Escritora Florencia Etcheves fala sobre os desafios de escrever uma história inspirada na vida de Frida Kahlo com a comida como fio condutor

Capa do livro A Cozinha de Frida. Foto: PlanetaFoto: Planeta

Nayeli é uma jovem que, depois de fugir de casa, chega indefesa à Cidade do México. Mas é graças às suas maravilhosas habilidades na cozinha que ela encontra um lugar na Casa Azul, onde Frida Kahlo vive praticamente isolada desde o acidente fatal que a deixou paraplégica. Entre sabores, aromas e cores, a pintora e a sua nova cozinheira iniciam uma amizade que marca profundamente o destino de ambas. Esta é a história de A Cozinheira de Frida, livro que chegou recentemente às livrarias brasileiras pela editora Planeta.
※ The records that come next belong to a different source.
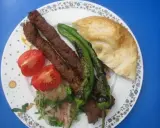 Adana Kebap mit gegrillten Peperoni, Tomaten und Fladenbrot auf einem Teller.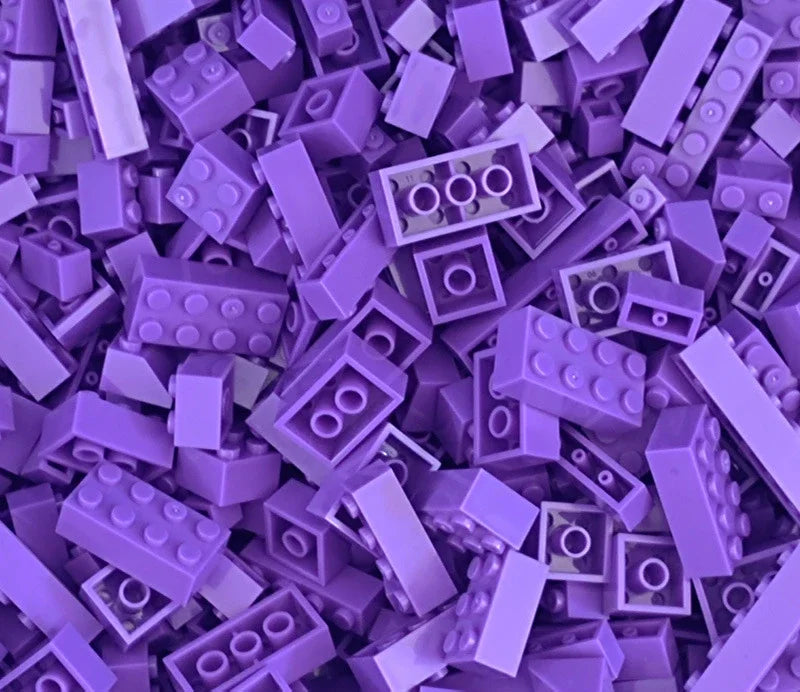 Purple building blocks scattered together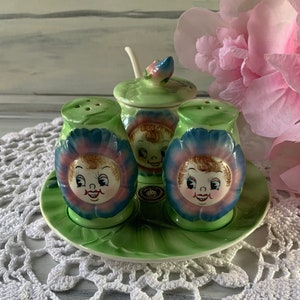 May include: A set of four green and blue ceramic salt and pepper shakers shaped like flowers with smiling faces. The shakers are on a green and white ceramic plate.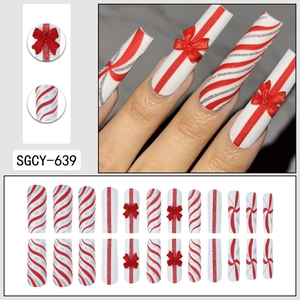 Christmas red bow press-on nails set with silver glitter and striped festive patterns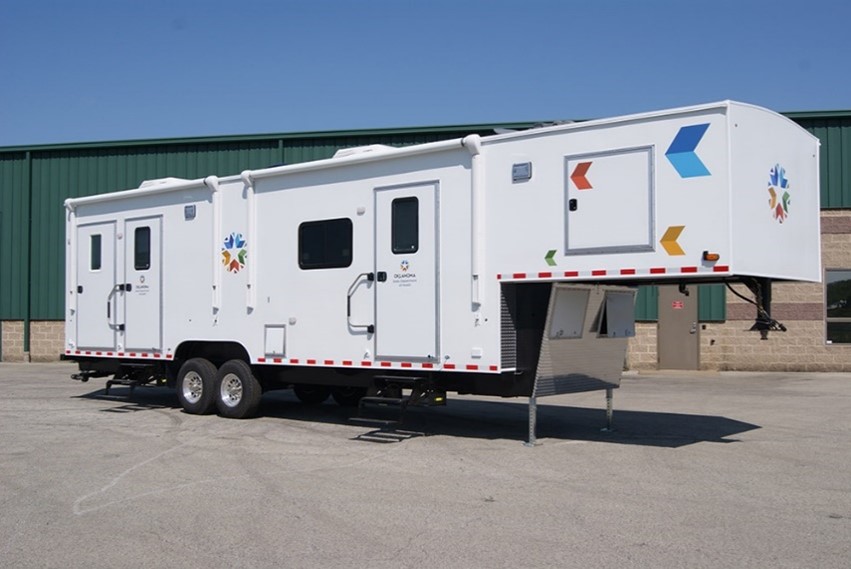 A health care trailer parked outdoor on the road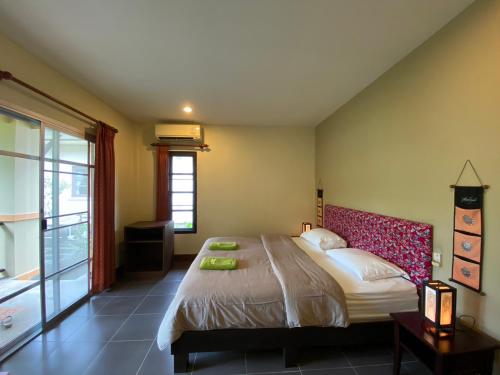 a bedroom with a large bed and a window at Sweet Mango Khaolak in Khao Lak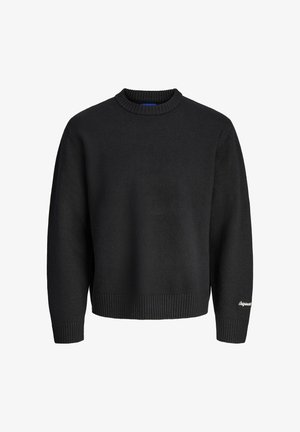 Maglione nero a maglia con scollatura a girocollo e polsini a costine. Presenta una vestibilità comoda e un piccolo dettaglio ricamato sulla manica sinistra.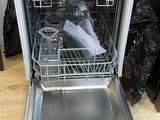 a dishwasher that is open in the kitchen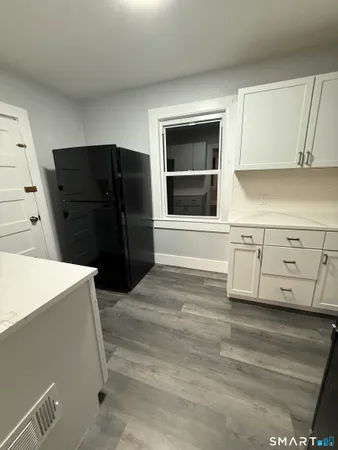a kitchen with a refrigerator and cabinets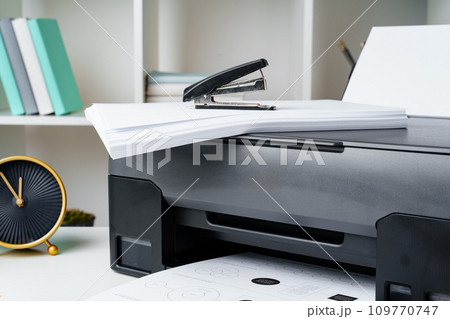Workplace with modern printer and clock in the office 109770747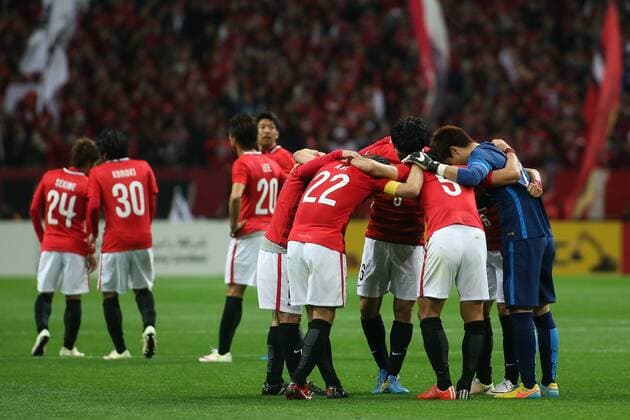 SAITAMA, JAPAN - APRIL 05: (CHINA OUT) Urawa Red Diamonds players celebrate victory after the AFC Champions League Group H match between Urawa Red Diamonds and Guangzhou Evergrande at the Saitama Stadium on April 5, 2016 in Saitama, Japan.  CFP482263882 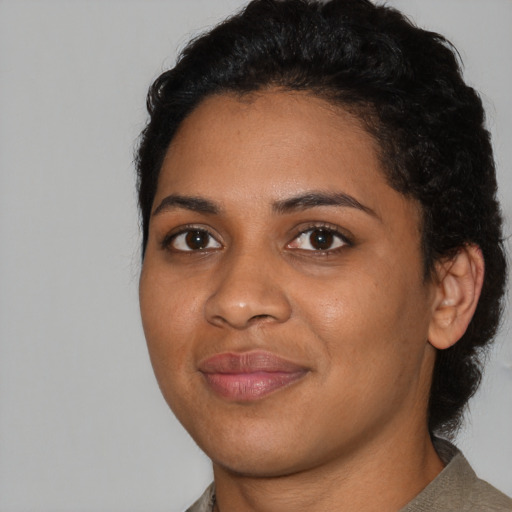 Joyful black young-adult female with short  black hair and brown eyes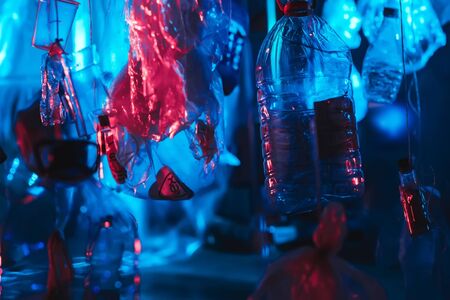 Suspended art objects from the ceiling, painted red and blue creating 3d visualization, abstract background for design. concept of the modern art. cyberpunkの写真素材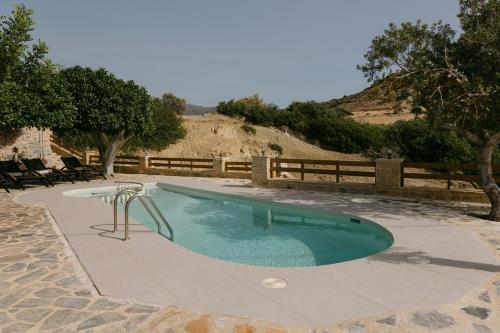 a swimming pool with a slide in the middle at Greco Levantes Villas in Triopetra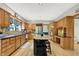 Well-lit kitchen boasting stainless steel appliances, granite countertops, and a center island at 8261 Twin Pointe Cir, Indianapolis, IN 46236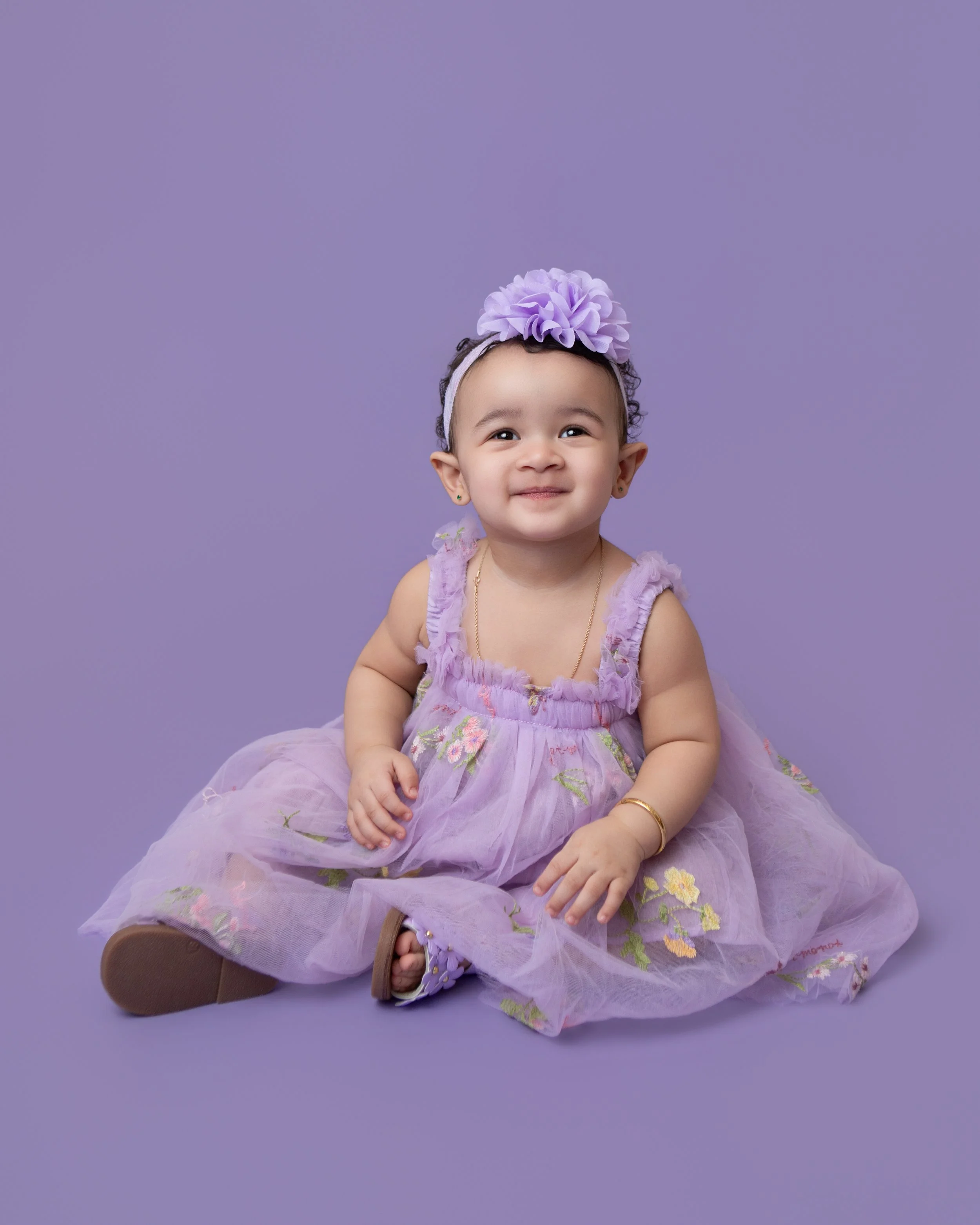 a one year old girl wearing a purple dress and matching headband with a purple backdrop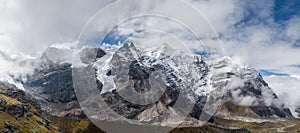 77MP Panoramic photo Mera peak 6476m with glacier lakes and snowy summits covered in white clouds. Himalayas climbing route near photo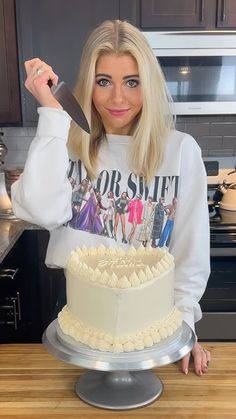 a woman holding a knife over a cake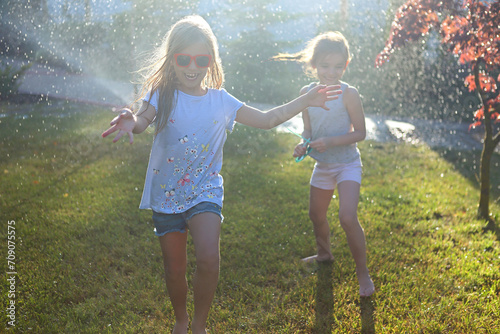 Child playing with garden sprinkler. Kids run and jump. Summer outdoor water fun in the backyard. Child playing with garden sprinkler. Kids run and jump. Summer outdoor water fun in the backyard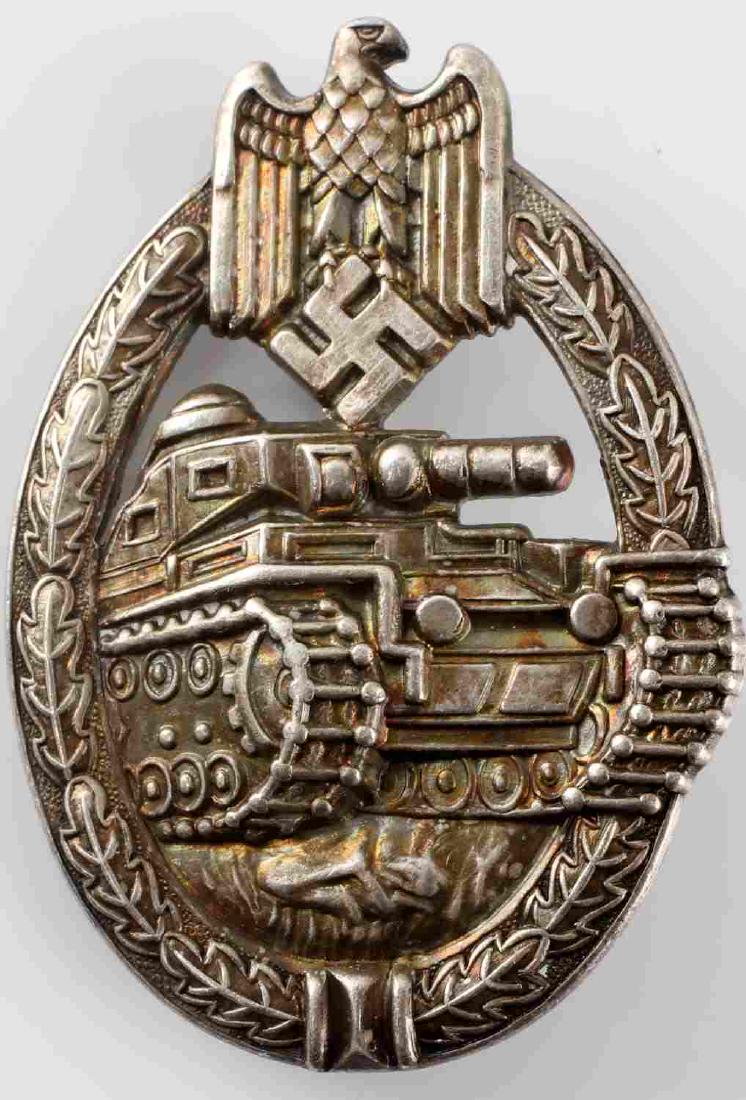WWII GERMAN THIRD REICH PANZER ASSAULT BADGE: German Panzer Assault badge in silver. Hollow stamp construction with unmarked reverse. Thin vertical pin back. Very good condition with nice patina and great detail retention.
Diferente de uma biografia, a argentina Florencia Etcheves escreve uma ficção que une elementos do mundo real (Frida, seus gostos, comportamentos e arte) com o que é criado por Florencia (a história de Nayeli e a de sua neta, décadas depois, passada em Buenos Aires). “Deixei minha escritora interior agir e criei Nayeli, a cozinheira, para que ela fosse o artifício que me permitisse narrar, por meio de sua trajetória dramática, um pedacinho da história de um país maravilhoso como o México”, explica ela em entrevista ao Estadão.

Capa do livro A Cozinha de Frida Foto: Planeta

O resultado é um livro que apaixona: se de um lado traz a história de Frida e de Nayeli se entrelaçando e trazendo aspectos biográficos da artista mexicano que emocionam; do outro, aromas e sabores da cozinha mexicana que servem como uma forma de comunicação entre as duas. É um livro que tem cheiro, tem cor, tem sabor. Emociona e empolga.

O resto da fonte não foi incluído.